On Mon, Dec 28, 2020 at 9:23 AM Russell King - ARM Linux admin linux@armlinux.org.uk wrote:
On Mon, Dec 28, 2020 at 09:14:23AM -0800, Andy Lutomirski wrote:
On Mon, Dec 28, 2020 at 2:25 AM Russell King - ARM Linux admin linux@armlinux.org.uk wrote:
On Sun, Dec 27, 2020 at 01:36:13PM -0800, Andy Lutomirski wrote:
On Sun, Dec 27, 2020 at 12:18 PM Mathieu Desnoyers mathieu.desnoyers@efficios.com wrote:
----- On Dec 27, 2020, at 1:28 PM, Andy Lutomirski luto@kernel.org wrote:
I admit that I'm rather surprised that the code worked at all on arm64, and I'm suspicious that it has never been very well tested. My apologies for not reviewing this more carefully in the first place.
Please refer to Documentation/features/sched/membarrier-sync-core/arch-support.txt
It clearly states that only arm, arm64, powerpc and x86 support the membarrier sync core feature as of now:
Sigh, I missed arm (32). Russell or ARM folks, what's the right incantation to make the CPU notice instruction changes initiated by other cores on 32-bit ARM?
You need to call flush_icache_range(), since the changes need to be flushed from the data cache to the point of unification (of the Harvard I and D), and the instruction cache needs to be invalidated so it can then see those updated instructions. This will also take care of the necessary barriers that the CPU requires for you.

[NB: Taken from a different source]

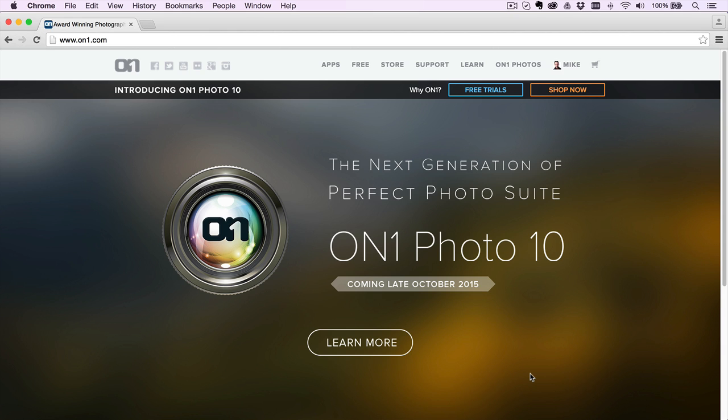Over at ON1, this is obviously a big time of the year for us. We're super excited about Photo 10. My name is Mac Laskowski, and I thought I'd give you a quick sneak peek at one of my favorite features.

With what parameters? From looking at the header, this is for the case in which the kernel writes some memory and then intends to execute it. That's not what membarrier() does at all. membarrier() works like this:
You didn't specify that you weren't looking at kernel memory.

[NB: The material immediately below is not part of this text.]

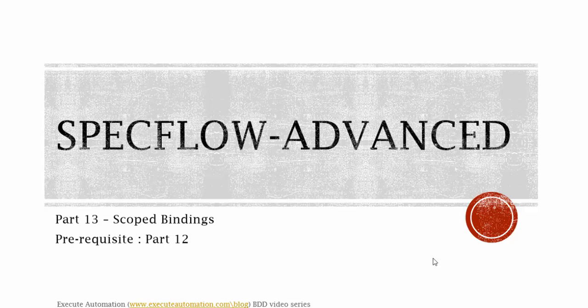Hello guys, this is Karthik from xgillautomation.com and this is part 13 of our BDD video series. In this part, we're going to discuss scoped bindings. Before watching this part, I would request you to watch part 12 since this part has some similarity from that part.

If you're talking about userspace, then the interface you require is flush_icache_user_range(), which does the same as flush_icache_range() but takes userspace addresses. Note that this requires that the memory is currently mapped at those userspace addresses.
If that doesn't fit your needs, there isn't an interface to do what you require, and it basically means creating something brand new on every architecture.
What you are asking for is not "just a matter of a few instructions". I have stated the required steps to achieve what you require above; that is the minimum when you have non-snooping harvard caches, which the majority of 32-bit ARMs have.
User thread 1:
write to RWX memory *or* write to an RW alias of an X region. membarrier(...); somehow tell thread 2 that we're ready (with a store release, perhaps, or even just a relaxed store.)
User thread 2:
wait for the indication from thread 1. barrier(); jump to the code.
membarrier() is, for better or for worse, not given a range of addresses.
Then, I'm sorry, it can't work on 32-bit ARM.
Is there a way to flush the *entire* user icache? If so, and if it has reasonable performance, then it could probably be used here. Otherwise I'll just send a revert for this whole mechanism on 32-bit ARM.
--Andy